Content Delivery Network

Below is all my personal understandings

Full Name :Content Delivery Network or Content Ddistribute Network

Basically, CDN solution solves a common issue: There will always be a bottleneck on the internet, due to different service providers, or geo locations, etc. Which impact the network performance. On the other hand, Latency control is one of the most important indicators nowadays. With CDN, You can deliver a more reliable and stable network by putting certain Servers in certain places in the internet, and building a intelligent network on top of the internet. CND can redirect customer reuquests to the fastest server(maybe not the closest), based on network throughput, response time, latency, loadbalancing status, physical distance(main factor that impact latency).
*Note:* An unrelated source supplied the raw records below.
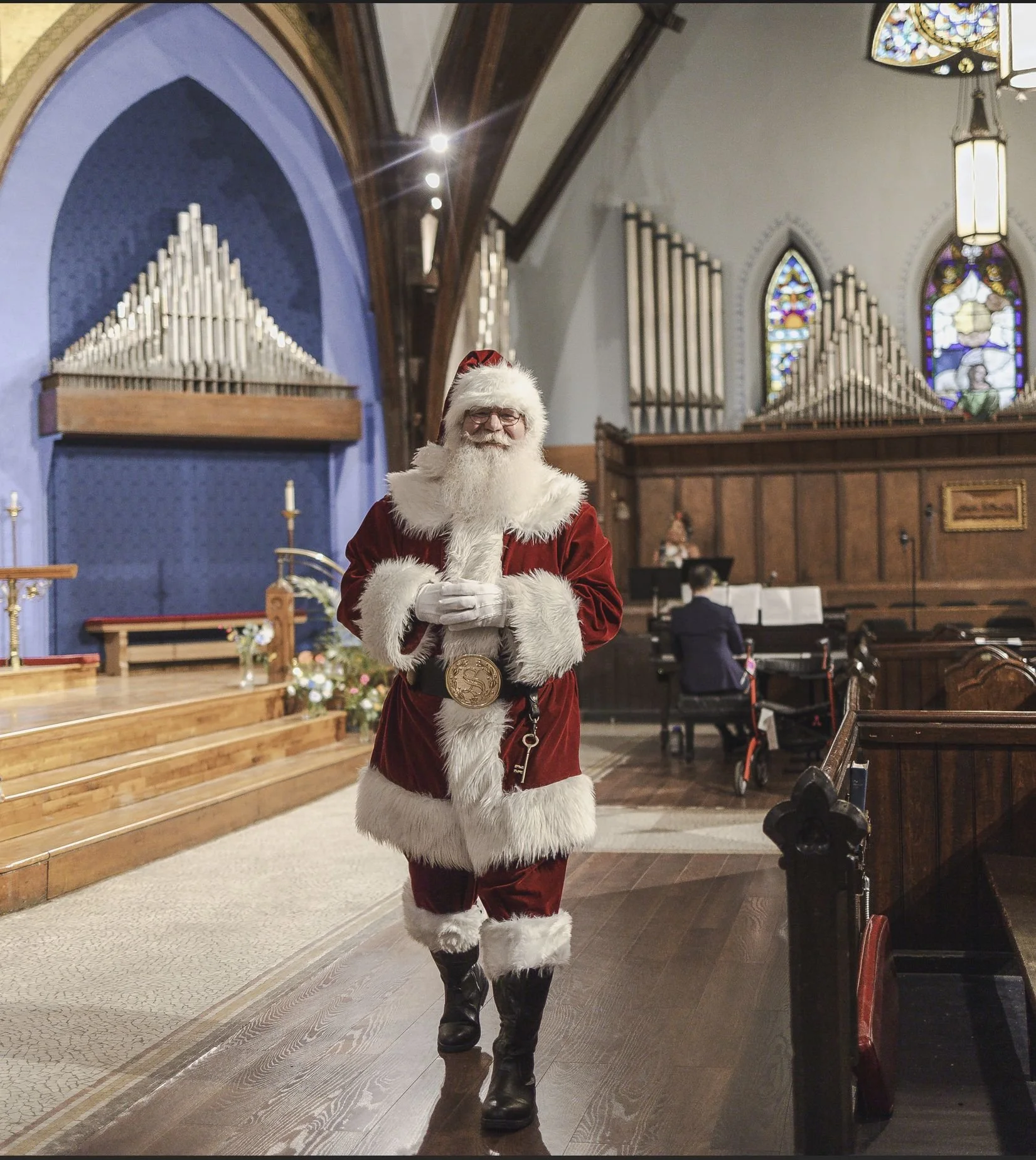 A person dressed as Santa Claus walking into a church with a wooden floor, stained glass windows, and pipe organ pipes in the background.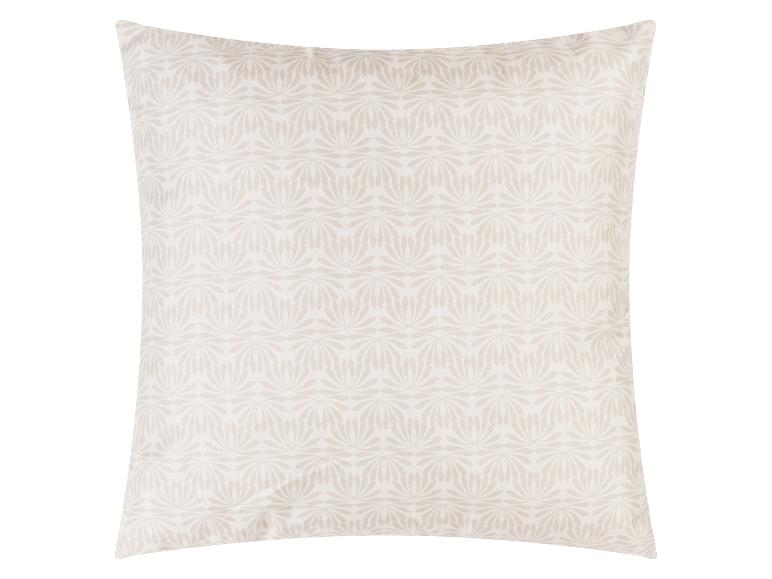 Coussin décoratif beige à motif floral.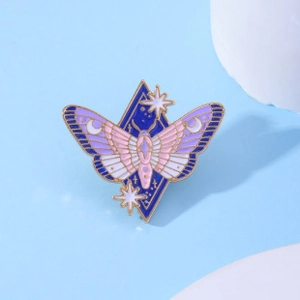 Macro shot of a moth enamel pin with star and moon details on a gold metal base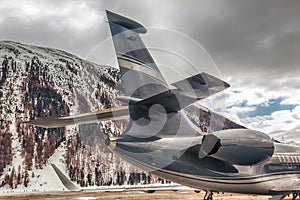 A rear view of a private jet in the airport of St Moritz Switzerland in the alps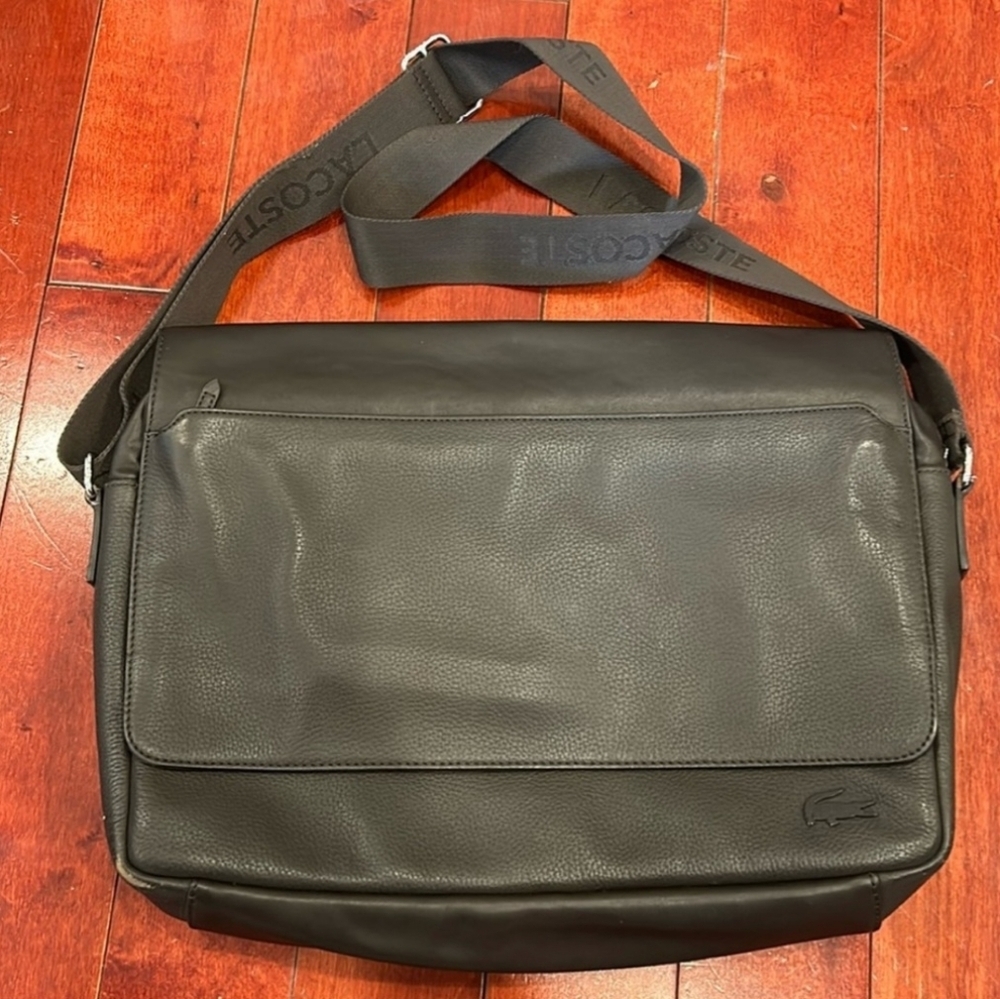 Super high class brown pebbled leather lacoste messenger bag.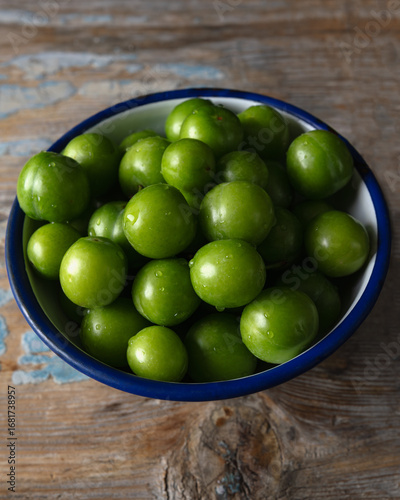 Close-up of fresh green plums in a white enamel bowl with blue rim, placed on a rustic wooden table.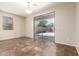 Bright kitchen area featuring tile flooring, a window, and sliding glass doors, ideal for indoor-outdoor living at 14440 W Cholla St, Surprise, AZ 85379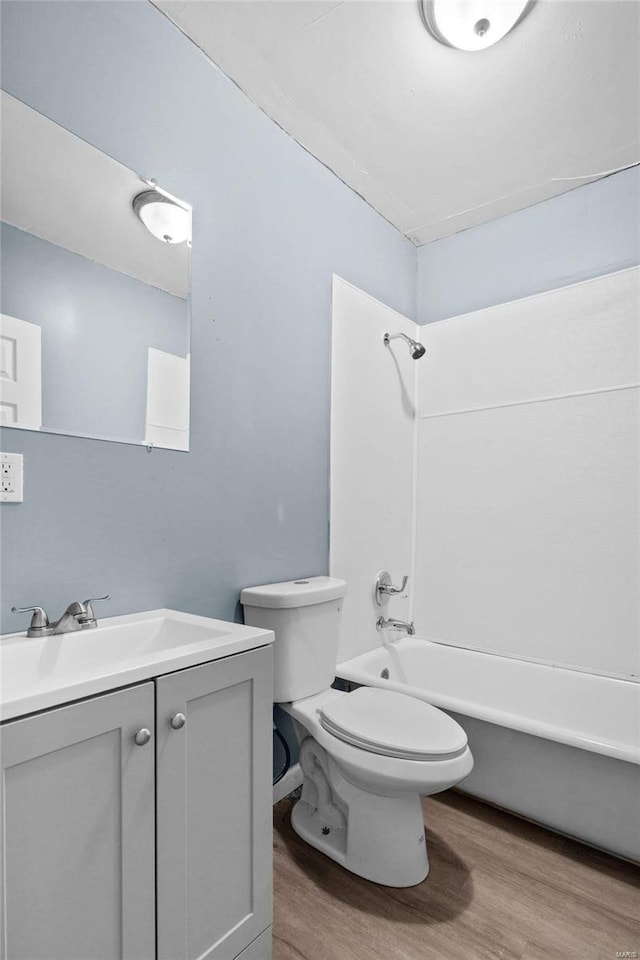 full bathroom with vanity, wood-type flooring,  shower combination, and toilet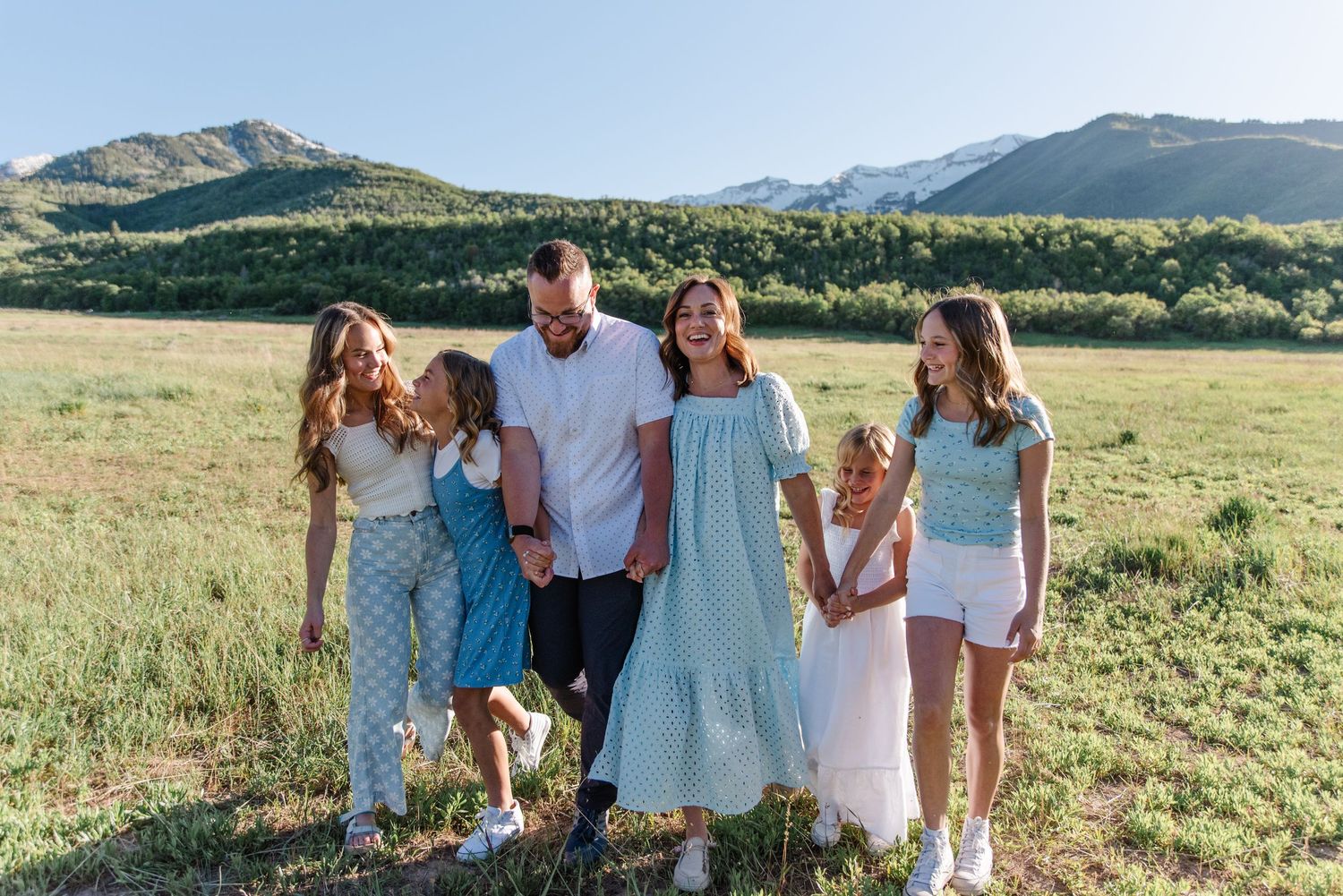 Family standing together outdoors in a meadow with mountain backdrop at sunset.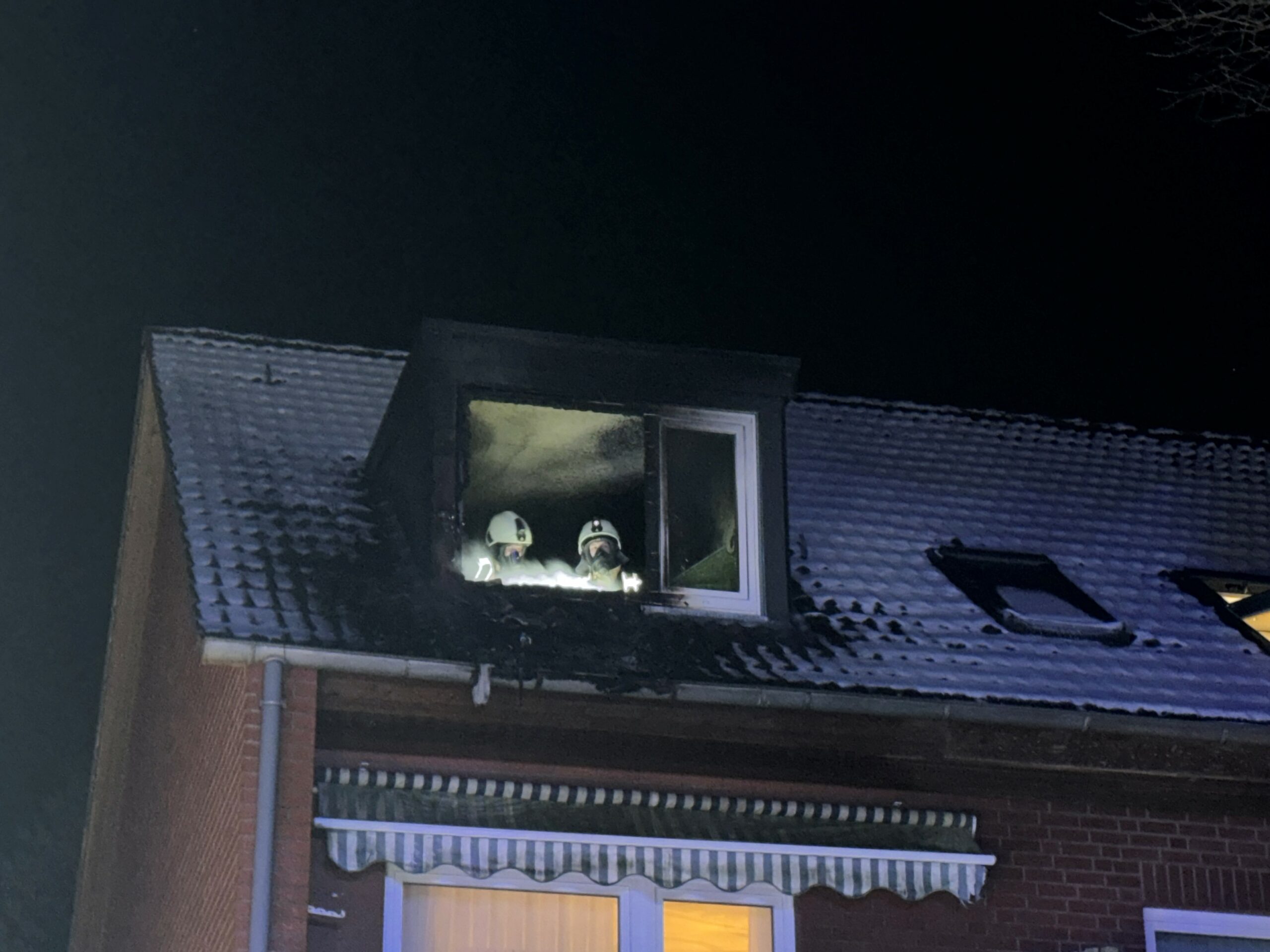 Feuerwehrleute stehen in einer ausgebrannten Wohnung im Dachgeschoss eines Mehrfamilienhauses in Wedel. Sie schauen aus einem Fensterrahmen.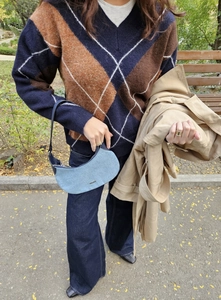 Close-up of vintage plaid V-neck knit sweater with denim shoulder bag details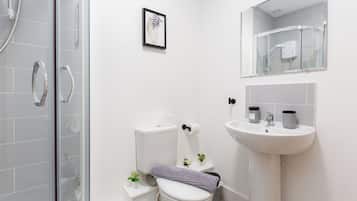 A modern bathroom with a glass shower enclosure, a white toilet, a sink with two soap dispensers, and a framed artwork on the wall.
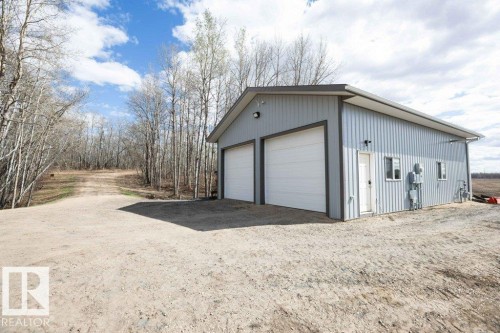 Gray metal-sided outbuilding featuring two white garage doors, a side entry door, and multiple windows - 27132A Twp Rd 632, Rural Westlock County, AB - Outdoor With Exterior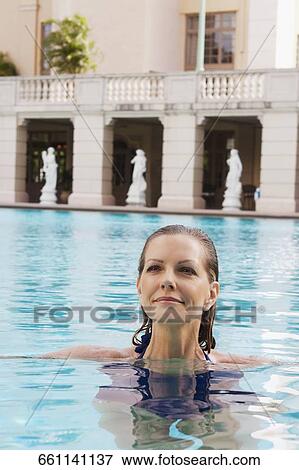 Stock Photo - Woman in a swimming pool, Biltmore Hotel, Coral Gables, Florida, USA. Fotosearch
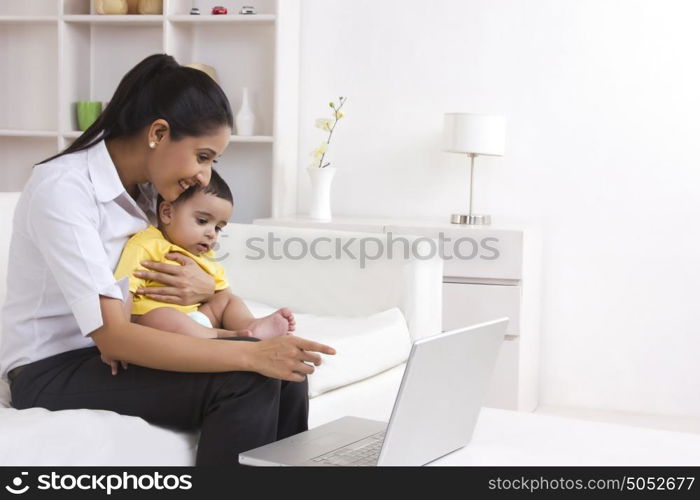 Mother and baby looking at laptop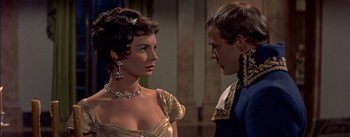 Movie still from “Désirée” (1954), directed by Henry Koster – A man and a woman in formal wear looking at one another; Close Up shot, Over the shoulder angle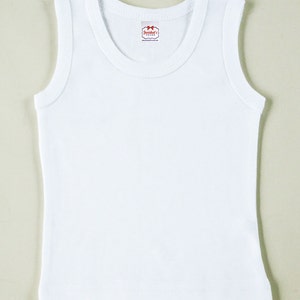 May include: White sleeveless undershirt with a small red label that says "Snoochie's" on it.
Based on above description, here comes the objective of the CDN solution:

To solve the latency problem due to bandwidth, server performance, geo location limitations. Use case includes but not limited to: website acceleration, play on request, live video/voice steaming, etc. Which can improve user experience and success rate, and avoid network congestion.

Pros:

Let’s say you are running a website, There will be some key indicators to make you success:

  1. Attractive content
  2. Fast access
  3. Support frequent user interactions
  4. Can browse anywhere without restrictions

Elaboration of item 4: you must consider global users experience, which will introduce a very complex network environment, such as: Network security policies/laws in different countries, physical distance, Datacenter maintenance, ISP availability, etc. In addition, when your business grows bigger, your website for sure will add more features and contents, like images, vidtos, CSS, APIs, etc. Plus more user requests and for sure some DDoS attacks. All these factors might slow you down and impact user experience.

Every single second of delay on your website response, you will lose your users and some users may never come back again.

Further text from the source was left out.